All that should be output is the block of lines below from the line with "En Güzel Golden" to the line with "Pink flamingo roaming", both included, exactly as written.

** Source information follows **

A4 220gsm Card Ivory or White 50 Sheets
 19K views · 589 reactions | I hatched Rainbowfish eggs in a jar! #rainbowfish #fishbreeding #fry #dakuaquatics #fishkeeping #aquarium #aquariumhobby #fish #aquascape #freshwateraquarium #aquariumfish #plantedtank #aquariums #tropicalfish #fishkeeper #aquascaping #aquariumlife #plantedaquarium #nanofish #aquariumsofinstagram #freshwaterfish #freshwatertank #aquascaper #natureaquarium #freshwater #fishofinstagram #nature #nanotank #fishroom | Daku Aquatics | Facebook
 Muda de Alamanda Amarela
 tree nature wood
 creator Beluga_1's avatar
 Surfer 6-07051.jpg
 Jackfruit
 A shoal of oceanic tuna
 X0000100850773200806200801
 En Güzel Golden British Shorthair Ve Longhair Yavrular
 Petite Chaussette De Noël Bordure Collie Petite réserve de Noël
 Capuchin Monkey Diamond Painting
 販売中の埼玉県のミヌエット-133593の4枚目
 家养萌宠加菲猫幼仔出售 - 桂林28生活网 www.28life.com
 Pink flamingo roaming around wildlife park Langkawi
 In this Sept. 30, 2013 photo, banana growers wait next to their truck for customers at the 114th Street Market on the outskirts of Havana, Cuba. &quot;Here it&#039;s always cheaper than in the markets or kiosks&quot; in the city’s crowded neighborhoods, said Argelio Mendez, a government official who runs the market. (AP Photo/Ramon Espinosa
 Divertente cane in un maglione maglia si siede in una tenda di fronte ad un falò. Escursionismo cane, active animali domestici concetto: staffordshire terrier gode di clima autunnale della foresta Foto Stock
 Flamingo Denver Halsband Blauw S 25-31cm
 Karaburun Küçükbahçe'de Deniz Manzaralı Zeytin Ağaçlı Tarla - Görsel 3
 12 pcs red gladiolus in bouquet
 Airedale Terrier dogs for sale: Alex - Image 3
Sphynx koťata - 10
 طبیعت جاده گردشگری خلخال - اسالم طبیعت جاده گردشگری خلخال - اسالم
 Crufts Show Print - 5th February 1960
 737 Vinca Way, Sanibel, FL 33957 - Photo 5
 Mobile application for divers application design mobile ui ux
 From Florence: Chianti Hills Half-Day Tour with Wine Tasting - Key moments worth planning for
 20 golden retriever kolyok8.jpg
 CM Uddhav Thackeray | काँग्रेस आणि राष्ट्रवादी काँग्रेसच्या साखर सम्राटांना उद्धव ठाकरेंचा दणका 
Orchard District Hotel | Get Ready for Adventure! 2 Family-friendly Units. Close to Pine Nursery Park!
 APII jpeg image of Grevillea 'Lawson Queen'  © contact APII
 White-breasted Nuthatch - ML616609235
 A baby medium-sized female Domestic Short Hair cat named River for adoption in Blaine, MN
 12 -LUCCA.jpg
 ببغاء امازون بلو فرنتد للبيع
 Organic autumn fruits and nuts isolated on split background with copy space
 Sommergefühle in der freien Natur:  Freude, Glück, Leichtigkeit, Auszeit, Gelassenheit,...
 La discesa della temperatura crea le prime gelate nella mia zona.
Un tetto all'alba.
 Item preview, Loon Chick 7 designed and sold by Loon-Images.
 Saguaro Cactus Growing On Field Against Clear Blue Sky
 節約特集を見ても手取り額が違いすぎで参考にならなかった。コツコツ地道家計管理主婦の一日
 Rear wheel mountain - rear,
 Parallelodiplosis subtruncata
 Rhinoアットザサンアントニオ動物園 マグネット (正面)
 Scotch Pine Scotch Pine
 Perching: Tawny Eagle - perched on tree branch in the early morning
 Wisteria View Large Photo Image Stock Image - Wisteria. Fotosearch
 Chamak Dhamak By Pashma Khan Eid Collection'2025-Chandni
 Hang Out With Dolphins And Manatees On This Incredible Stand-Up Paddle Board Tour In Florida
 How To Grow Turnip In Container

** End of Source information **

■ **Answer**
 En Güzel Golden British Shorthair Ve Longhair Yavrular
 Petite Chaussette De Noël Bordure Collie Petite réserve de Noël
 Capuchin Monkey Diamond Painting
 販売中の埼玉県のミヌエット-133593の4枚目
 家养萌宠加菲猫幼仔出售 - 桂林28生活网 www.28life.com
 Pink flamingo roaming around wildlife park Langkawi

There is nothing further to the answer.